Missão No Mar Vermelho: um lançamento da Netflix

Por Carlos Caldas
 
Missão no Mar Vermelho (The Red Sea Diving Resort, 2019) do diretor israelense Gideon Raff, é uma produção da Netflix. O filme se baseia em um acontecimento histórico pouco conhecido, apesar de ter se dado em um passado recente: no início dos anos de 1980 o Mossad, o quase infalível serviço secreto israelense, designou alguns agentes para uma tarefa, no mínimo, diferente: resgatar os falashas, os judeus da Etiópia, e levá-los em segurança para Israel.

No século XIX o estudioso judeu Joseph Halevy esteve na Etiópia e conheceu uma população negra que se dizia judia, tinha conhecimento da língua hebraica e vivia de acordo com os princípios da Torá. Eles se diziam descendentes de Salomão e da Rainha de Sabá (1 Rs 10.1-13). Desde 1975 o governo israelense reconhece este grupo como sendo uma “tribo perdida” do antigo povo de Israel.

Com a fome que se instalou na Etiópia em meados dos anos de 1980 milhares de etíopes saíram do país, sendo que muitos eram falasha. Muitos foram para campos de refugiados no vizinho Sudão. Na segunda metade daquela década o governo israelense realizou operações para extrair judeus etíopes do Sudão e levá-los em segurança para Israel. Em 1991 explodiu uma guerra civil na Etiópia, o que forçou um número maior de etíopes a fugir do país. 
 
O filme de Gideon Raff conta a história de como um grupo de experientes agentes do Mossad arrendou um hotel na costa sudanesa para utilizá-lo como cobertura para as operações: a história muito curiosa e inusitada de um hotel “fake” que recebia turistas de verdade, que não imaginavam o que estava acontecendo.
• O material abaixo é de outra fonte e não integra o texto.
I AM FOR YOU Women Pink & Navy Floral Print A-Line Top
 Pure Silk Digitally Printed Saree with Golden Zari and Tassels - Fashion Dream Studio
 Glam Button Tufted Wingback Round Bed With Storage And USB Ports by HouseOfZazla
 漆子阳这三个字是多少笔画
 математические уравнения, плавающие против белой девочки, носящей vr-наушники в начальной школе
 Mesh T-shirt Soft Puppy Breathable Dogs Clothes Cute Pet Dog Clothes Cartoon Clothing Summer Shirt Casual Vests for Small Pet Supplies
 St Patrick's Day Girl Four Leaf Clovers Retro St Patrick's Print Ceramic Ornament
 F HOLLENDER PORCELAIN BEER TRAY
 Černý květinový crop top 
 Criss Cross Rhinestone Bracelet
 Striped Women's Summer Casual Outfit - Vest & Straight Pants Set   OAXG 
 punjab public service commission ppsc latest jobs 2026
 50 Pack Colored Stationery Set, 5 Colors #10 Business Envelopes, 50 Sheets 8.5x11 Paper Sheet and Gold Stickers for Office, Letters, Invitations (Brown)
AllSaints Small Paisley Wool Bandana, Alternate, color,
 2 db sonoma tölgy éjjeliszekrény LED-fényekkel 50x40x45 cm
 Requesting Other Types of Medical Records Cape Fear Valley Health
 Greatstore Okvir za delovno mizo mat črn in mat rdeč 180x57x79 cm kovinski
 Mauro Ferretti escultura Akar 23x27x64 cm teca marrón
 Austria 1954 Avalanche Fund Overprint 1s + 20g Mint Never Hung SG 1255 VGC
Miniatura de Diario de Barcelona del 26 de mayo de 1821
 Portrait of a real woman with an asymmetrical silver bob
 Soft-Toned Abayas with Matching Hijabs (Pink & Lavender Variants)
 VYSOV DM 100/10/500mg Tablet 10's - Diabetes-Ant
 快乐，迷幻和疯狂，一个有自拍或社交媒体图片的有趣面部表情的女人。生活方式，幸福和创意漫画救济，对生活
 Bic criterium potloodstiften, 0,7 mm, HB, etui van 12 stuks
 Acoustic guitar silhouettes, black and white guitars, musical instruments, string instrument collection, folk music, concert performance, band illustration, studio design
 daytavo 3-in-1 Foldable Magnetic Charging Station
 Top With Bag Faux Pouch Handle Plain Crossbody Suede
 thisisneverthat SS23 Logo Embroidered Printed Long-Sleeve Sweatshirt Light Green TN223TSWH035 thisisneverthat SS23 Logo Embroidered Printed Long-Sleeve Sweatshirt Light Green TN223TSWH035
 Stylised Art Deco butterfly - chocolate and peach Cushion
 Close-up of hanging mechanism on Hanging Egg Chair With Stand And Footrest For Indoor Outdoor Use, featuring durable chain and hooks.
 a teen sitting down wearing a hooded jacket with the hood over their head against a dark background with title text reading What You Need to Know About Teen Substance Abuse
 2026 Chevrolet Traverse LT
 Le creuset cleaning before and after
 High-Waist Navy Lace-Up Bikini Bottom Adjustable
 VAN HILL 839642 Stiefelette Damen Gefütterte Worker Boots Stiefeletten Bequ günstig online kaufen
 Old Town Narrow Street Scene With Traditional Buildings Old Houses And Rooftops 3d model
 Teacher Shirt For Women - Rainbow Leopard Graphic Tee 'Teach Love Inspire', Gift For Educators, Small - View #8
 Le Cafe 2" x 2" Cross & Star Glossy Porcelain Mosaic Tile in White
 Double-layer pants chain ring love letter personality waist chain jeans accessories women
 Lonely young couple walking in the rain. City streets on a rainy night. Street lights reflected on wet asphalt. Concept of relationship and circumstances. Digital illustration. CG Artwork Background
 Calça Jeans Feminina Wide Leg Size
O filme tem nomes de peso em seu elenco: Chris Evans, o Capitão América dos filmes do UCM (Universo Cinematográfico Marvel), bonito e carismático, interpreta Ari Kidron, o líder da equipe de agentes, a bela Halley Bennett é Rachel, a única mulher do grupo (antecipando uma crítica ao filme de Raff, o filme não explora as dificuldades que uma mulher branca ocidentalizada enfrentaria no Sudão dominado por uma ditadura islâmica radical), o veterano ator anglo-indiano Ben Kingsley (um dos poucos atores contemporâneos que confere um grande ar de dignidade a qualquer personagem que interpreta) e Greg Kinnear, um diplomata norte-americano que desconfia dos israelenses, não acredita que eles estejam apenas gerenciando um resort no litoral, e quer a todo custo descobrir o que eles estão de fato fazendo.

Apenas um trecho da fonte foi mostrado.